Since 2012, Be My Eyes has been creating technology for the community of over 250 million people who are blind or have low vision. The Danish startup connects people who are blind or have low vision with volunteers for help with hundreds of daily life tasks like identifying a product or navigating an airport.
With the new visual input capability of GPT-4*, Be My Eyes began developing a GPT-4 powered Virtual Volunteer™ within the Be My Eyes app that can generate the same level of context and understanding as a human volunteer.
“In the short time we’ve had access, we have seen unparalleled performance to any image-to-text object recognition tool out there," says Michael Buckley, CEO of Be My Eyes. “The implications for global accessibility are profound. In the not so distant future, the blind and low vision community will utilize these tools not only for a host of visual interpretation needs, but also to have a greater degree of independence in their lives.”
Suddenly, the image someone sends of, say, the contents of their fridge, GPT-4 technology not only recognizes and names what’s in there, but extrapolates and analyzes what you can make with those ingredients. You could then ask it for a good recipe. The use cases are almost unlimited.
“That’s game changing,” says Buckley. “Ultimately, whatever the user wants or needs, they can re-prompt the tool to get more information that is usable, beneficial and helpful, nearly instantly.”

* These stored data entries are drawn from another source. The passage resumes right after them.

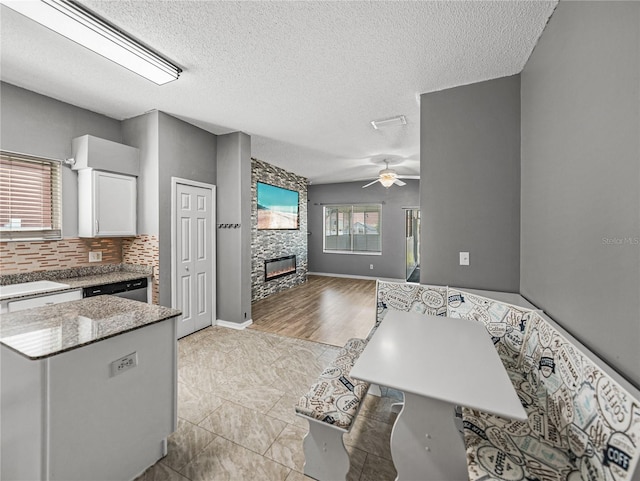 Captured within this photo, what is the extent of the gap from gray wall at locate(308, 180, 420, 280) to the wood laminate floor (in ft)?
3.20

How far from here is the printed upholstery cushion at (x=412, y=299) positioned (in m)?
2.51

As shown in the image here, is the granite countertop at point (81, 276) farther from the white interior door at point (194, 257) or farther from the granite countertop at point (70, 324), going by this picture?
the granite countertop at point (70, 324)

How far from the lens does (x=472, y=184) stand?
2.52 meters

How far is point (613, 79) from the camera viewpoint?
1140 millimetres

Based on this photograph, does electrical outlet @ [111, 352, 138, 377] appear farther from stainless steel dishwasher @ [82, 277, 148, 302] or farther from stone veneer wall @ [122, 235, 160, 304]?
stone veneer wall @ [122, 235, 160, 304]

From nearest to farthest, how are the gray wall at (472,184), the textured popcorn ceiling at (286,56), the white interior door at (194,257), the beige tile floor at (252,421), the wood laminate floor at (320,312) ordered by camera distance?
the beige tile floor at (252,421), the textured popcorn ceiling at (286,56), the gray wall at (472,184), the white interior door at (194,257), the wood laminate floor at (320,312)

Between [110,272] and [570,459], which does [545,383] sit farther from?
[110,272]

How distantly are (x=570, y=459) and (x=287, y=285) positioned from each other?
5.61m

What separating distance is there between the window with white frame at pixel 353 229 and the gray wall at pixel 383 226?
152 mm

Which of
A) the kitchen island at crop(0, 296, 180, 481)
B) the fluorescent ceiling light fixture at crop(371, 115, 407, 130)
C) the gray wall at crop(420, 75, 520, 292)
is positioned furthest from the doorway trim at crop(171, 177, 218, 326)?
the gray wall at crop(420, 75, 520, 292)

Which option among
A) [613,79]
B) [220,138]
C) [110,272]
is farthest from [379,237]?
[613,79]

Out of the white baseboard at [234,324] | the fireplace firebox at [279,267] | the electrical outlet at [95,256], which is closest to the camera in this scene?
the electrical outlet at [95,256]

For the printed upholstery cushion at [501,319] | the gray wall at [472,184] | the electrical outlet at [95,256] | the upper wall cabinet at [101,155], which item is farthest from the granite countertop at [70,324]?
the gray wall at [472,184]

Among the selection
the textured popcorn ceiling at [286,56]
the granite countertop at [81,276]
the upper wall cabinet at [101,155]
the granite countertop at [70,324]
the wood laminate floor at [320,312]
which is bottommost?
the wood laminate floor at [320,312] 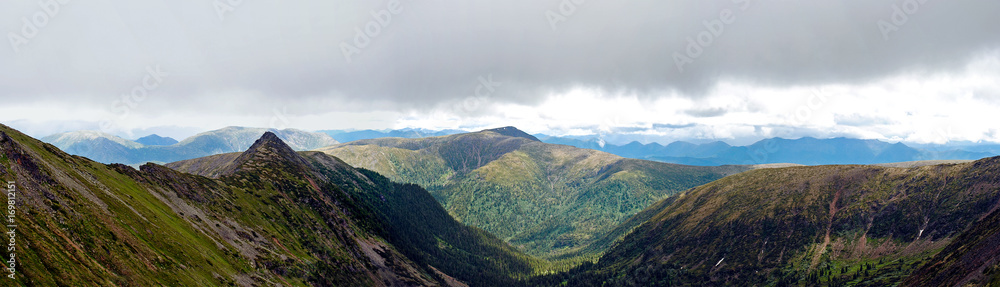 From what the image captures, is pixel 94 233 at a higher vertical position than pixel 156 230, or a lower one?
higher

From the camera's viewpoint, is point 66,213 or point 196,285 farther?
point 196,285

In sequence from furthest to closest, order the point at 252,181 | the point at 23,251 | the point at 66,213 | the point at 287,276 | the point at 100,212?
the point at 252,181 → the point at 287,276 → the point at 100,212 → the point at 66,213 → the point at 23,251

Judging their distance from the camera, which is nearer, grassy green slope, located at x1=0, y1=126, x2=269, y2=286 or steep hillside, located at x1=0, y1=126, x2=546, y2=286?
grassy green slope, located at x1=0, y1=126, x2=269, y2=286

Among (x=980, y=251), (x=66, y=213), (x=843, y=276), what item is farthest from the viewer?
(x=843, y=276)

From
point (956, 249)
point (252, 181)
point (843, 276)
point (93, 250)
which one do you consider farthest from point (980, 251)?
point (252, 181)

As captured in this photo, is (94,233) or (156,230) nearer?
(94,233)

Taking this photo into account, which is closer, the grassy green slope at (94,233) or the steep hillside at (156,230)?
the grassy green slope at (94,233)

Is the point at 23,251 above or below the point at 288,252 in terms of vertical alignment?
above

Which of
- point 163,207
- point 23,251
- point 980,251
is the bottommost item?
point 980,251

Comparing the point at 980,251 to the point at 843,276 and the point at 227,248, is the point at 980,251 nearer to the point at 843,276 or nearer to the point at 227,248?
the point at 843,276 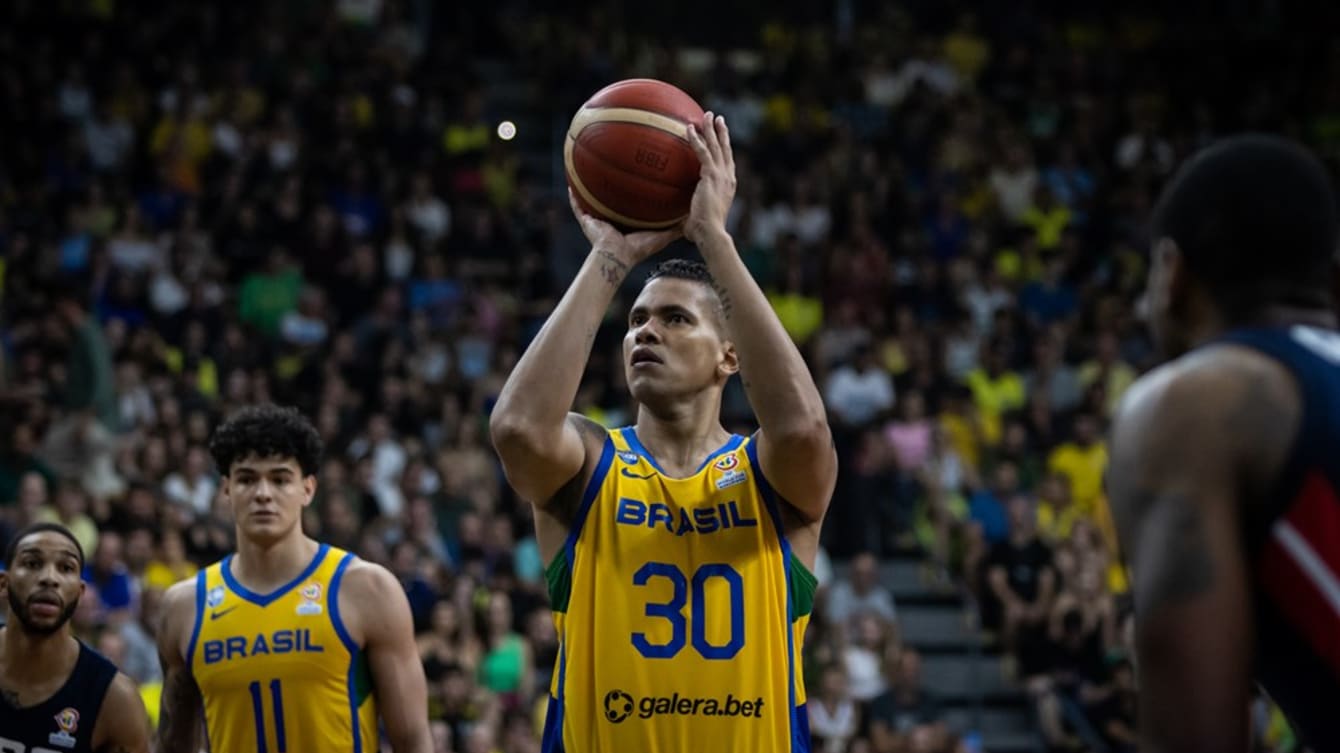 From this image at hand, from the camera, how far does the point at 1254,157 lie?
2689 millimetres

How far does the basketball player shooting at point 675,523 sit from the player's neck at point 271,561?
1497 millimetres

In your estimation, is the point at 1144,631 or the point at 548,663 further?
the point at 548,663

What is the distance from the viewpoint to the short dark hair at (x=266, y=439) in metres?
6.16

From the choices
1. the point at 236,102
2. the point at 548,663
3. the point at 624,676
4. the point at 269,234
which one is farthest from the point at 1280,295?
the point at 236,102

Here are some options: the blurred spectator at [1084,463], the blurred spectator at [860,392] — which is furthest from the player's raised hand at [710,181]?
the blurred spectator at [1084,463]

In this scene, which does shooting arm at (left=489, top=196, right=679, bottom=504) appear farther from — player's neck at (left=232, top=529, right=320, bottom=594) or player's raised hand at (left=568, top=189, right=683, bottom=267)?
player's neck at (left=232, top=529, right=320, bottom=594)

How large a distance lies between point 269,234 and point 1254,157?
45.1 feet

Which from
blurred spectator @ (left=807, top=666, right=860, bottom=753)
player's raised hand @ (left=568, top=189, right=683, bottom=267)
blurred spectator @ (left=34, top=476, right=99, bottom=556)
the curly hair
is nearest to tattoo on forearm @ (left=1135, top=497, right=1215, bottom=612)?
player's raised hand @ (left=568, top=189, right=683, bottom=267)

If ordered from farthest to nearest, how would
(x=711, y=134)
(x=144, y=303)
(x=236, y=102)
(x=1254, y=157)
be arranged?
1. (x=236, y=102)
2. (x=144, y=303)
3. (x=711, y=134)
4. (x=1254, y=157)

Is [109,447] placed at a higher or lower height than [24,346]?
lower

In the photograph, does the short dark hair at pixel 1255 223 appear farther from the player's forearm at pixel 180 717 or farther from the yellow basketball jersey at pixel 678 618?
the player's forearm at pixel 180 717

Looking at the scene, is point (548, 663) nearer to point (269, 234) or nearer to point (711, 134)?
point (269, 234)

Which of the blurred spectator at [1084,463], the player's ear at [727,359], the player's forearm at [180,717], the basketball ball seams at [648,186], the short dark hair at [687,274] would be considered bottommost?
the player's forearm at [180,717]

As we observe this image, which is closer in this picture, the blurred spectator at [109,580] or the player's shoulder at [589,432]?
the player's shoulder at [589,432] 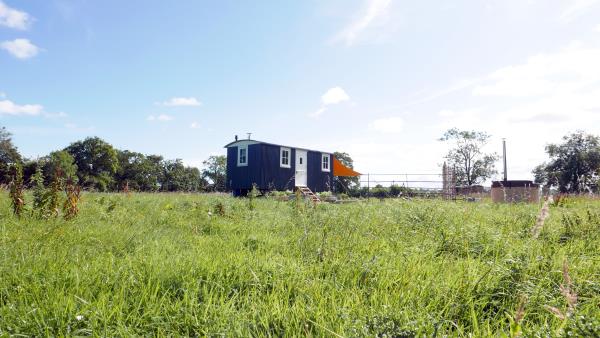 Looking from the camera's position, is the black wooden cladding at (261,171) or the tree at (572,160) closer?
the black wooden cladding at (261,171)

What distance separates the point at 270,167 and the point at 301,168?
2682 millimetres

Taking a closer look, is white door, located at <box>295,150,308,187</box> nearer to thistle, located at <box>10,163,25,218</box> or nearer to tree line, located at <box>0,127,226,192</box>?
tree line, located at <box>0,127,226,192</box>

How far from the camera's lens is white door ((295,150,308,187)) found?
72.6 ft

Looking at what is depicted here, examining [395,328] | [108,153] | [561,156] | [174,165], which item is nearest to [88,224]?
[395,328]

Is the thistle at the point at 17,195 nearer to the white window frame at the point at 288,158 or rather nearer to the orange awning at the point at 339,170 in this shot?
the white window frame at the point at 288,158

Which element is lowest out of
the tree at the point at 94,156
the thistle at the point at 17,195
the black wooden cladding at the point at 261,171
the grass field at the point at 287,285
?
the grass field at the point at 287,285

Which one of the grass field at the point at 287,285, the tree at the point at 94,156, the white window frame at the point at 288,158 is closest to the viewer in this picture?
the grass field at the point at 287,285

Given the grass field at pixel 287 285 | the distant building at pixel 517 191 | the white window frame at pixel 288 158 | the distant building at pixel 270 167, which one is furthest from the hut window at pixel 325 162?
the grass field at pixel 287 285

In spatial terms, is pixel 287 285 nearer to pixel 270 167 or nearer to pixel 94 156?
pixel 270 167

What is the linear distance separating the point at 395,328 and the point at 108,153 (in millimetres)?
49407

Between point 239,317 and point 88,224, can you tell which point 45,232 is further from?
point 239,317

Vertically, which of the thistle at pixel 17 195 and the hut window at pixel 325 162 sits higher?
the hut window at pixel 325 162

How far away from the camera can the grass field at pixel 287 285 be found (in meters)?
1.76

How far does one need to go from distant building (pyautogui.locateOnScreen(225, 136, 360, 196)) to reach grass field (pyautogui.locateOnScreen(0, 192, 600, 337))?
15757mm
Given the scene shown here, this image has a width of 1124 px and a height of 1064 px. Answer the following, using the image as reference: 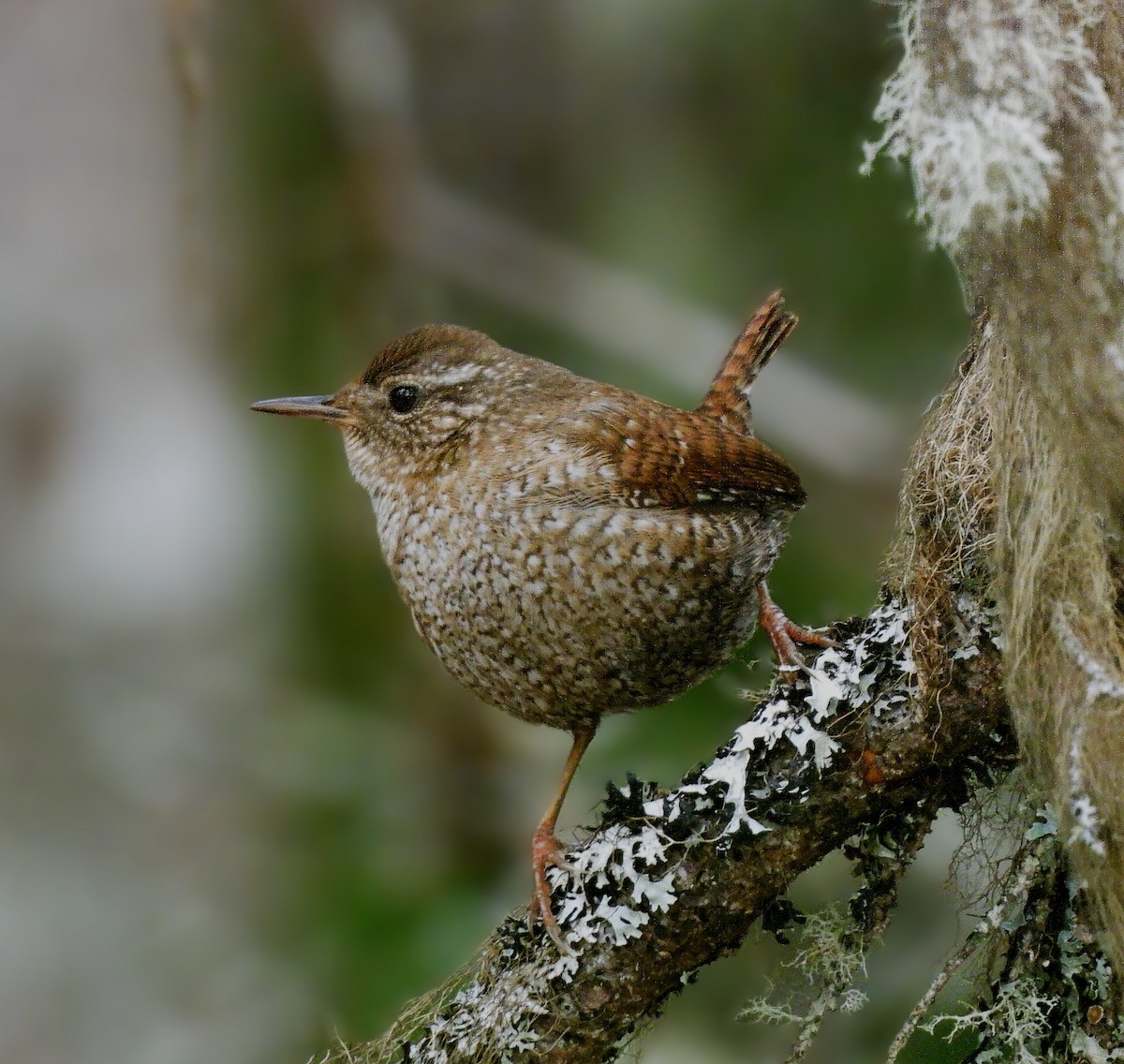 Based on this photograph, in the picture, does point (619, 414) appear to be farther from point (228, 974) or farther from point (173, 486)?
point (228, 974)

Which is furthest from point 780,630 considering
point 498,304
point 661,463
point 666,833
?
point 498,304

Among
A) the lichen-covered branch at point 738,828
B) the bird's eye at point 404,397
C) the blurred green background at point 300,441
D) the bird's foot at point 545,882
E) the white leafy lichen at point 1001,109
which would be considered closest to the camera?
the white leafy lichen at point 1001,109

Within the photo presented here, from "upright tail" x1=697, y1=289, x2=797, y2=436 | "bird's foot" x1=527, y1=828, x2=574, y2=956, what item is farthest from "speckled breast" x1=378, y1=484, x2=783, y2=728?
"upright tail" x1=697, y1=289, x2=797, y2=436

In early February, the company started beta-testing the GPT-backed assistant with a small group of employees; the results have been so positive the feature will be in the hands of users in weeks.
“There’s just an incredible potential for our community,” Buckley says. “Our beta testers, including Lucy Edwards, already love what this does.”
The difference between GPT-4 and other language and machine learning models, explains Jesper Hvirring Henriksen, CTO of Be My Eyes, is both the ability to have a conversation and the greater degree of analytical prowess offered by the technology. “Basic image recognition applications only tell you what’s in front of you”, he says. “They can’t have a discussion to understand if the noodles have the right kind of ingredients or if the object on the ground isn’t just a ball, but a tripping hazard—and communicate that.”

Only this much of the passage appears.